→ Assignment
Set the material down again exactly, line by line, skipping each picture.

── Collected data ──

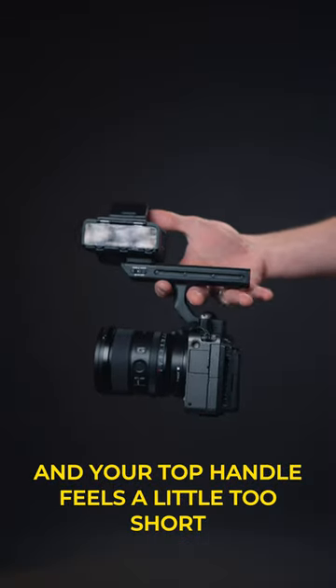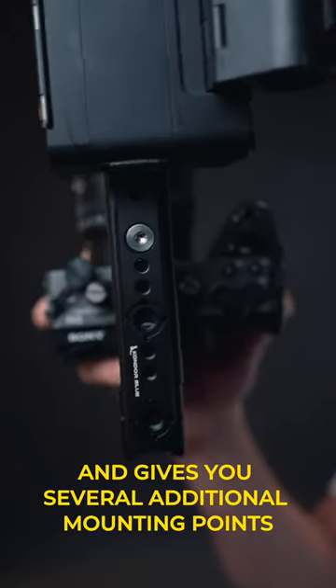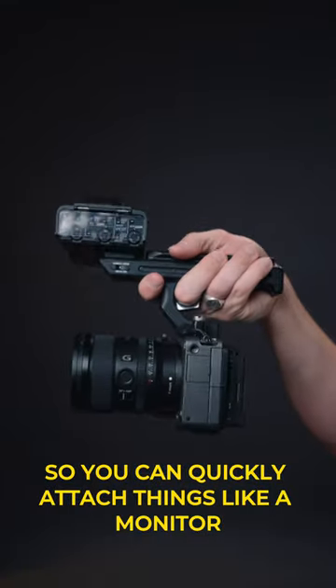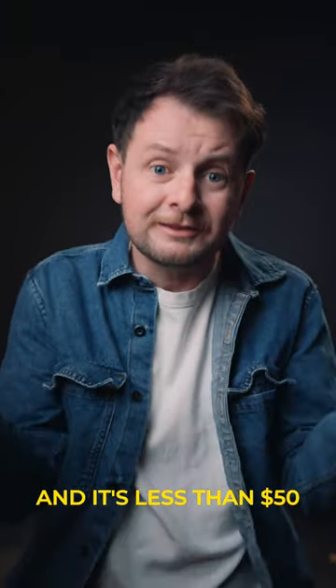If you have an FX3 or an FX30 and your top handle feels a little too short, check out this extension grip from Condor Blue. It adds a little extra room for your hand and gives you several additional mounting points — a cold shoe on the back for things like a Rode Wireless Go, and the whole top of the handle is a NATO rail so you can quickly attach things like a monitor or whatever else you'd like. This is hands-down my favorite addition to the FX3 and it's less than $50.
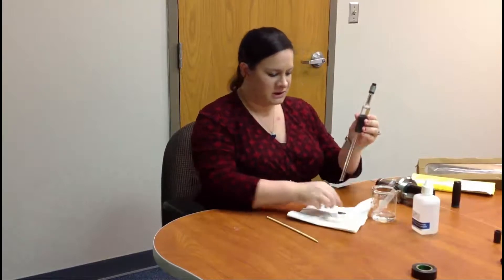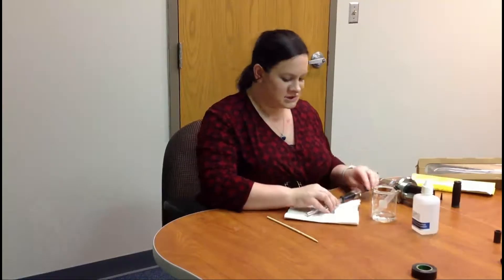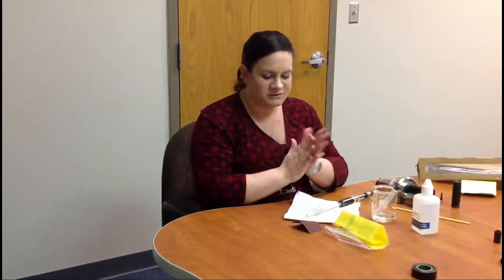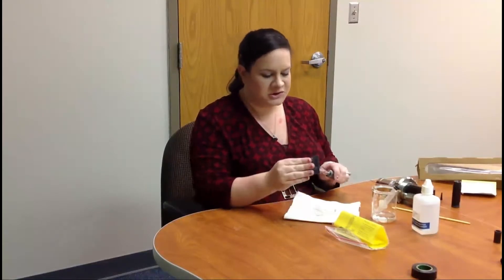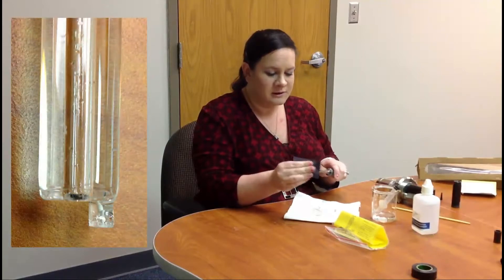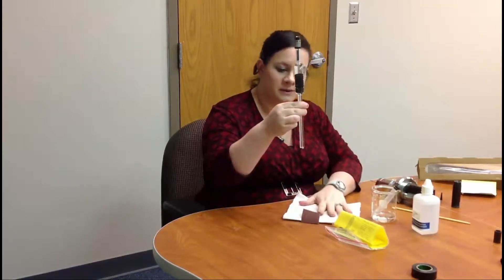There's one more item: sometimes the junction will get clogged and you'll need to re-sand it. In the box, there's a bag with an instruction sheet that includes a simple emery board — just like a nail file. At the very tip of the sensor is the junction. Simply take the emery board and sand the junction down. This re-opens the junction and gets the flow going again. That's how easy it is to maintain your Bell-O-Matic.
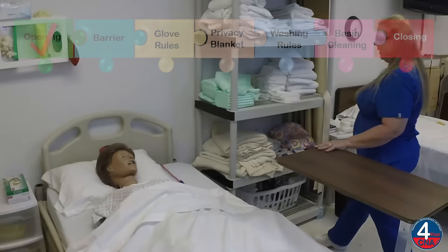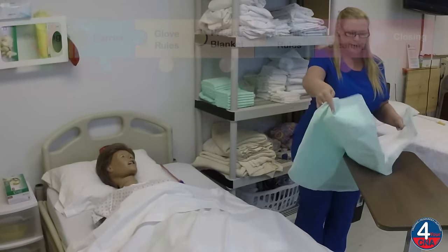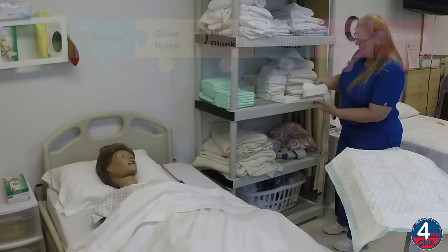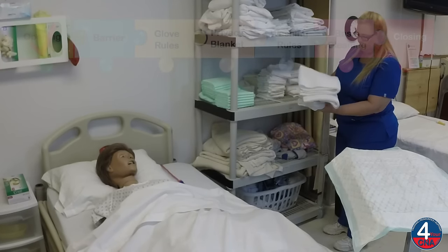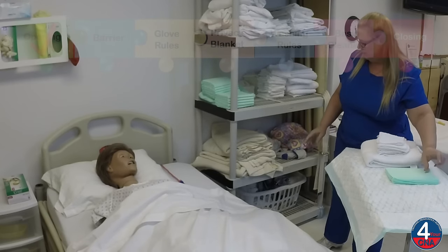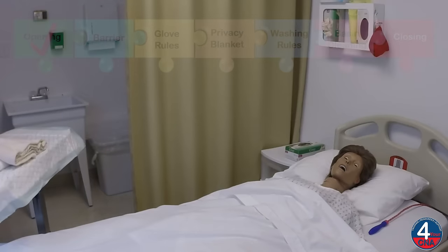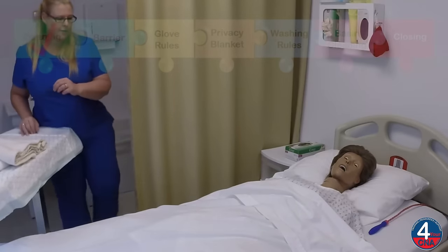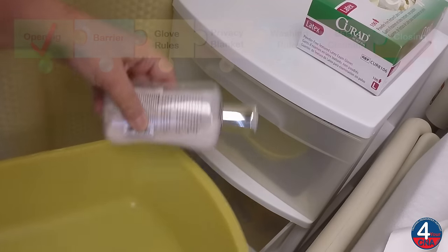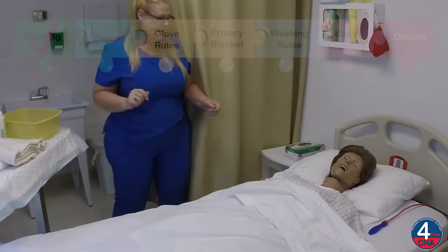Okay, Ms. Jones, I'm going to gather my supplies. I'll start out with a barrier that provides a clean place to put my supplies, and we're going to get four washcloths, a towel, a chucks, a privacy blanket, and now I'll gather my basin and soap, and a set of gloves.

───

→ Written reply
If you have an FX3 or an FX30 and your top handle feels a little too short, check out this extension grip from Condor Blue. It adds a little extra room for your hand and gives you several additional mounting points — a cold shoe on the back for things like a Rode Wireless Go, and the whole top of the handle is a NATO rail so you can quickly attach things like a monitor or whatever else you'd like. This is hands-down my favorite addition to the FX3 and it's less than $50.
There's one more item: sometimes the junction will get clogged and you'll need to re-sand it. In the box, there's a bag with an instruction sheet that includes a simple emery board — just like a nail file. At the very tip of the sensor is the junction. Simply take the emery board and sand the junction down. This re-opens the junction and gets the flow going again. That's how easy it is to maintain your Bell-O-Matic.
Okay, Ms. Jones, I'm going to gather my supplies. I'll start out with a barrier that provides a clean place to put my supplies, and we're going to get four washcloths, a towel, a chucks, a privacy blanket, and now I'll gather my basin and soap, and a set of gloves.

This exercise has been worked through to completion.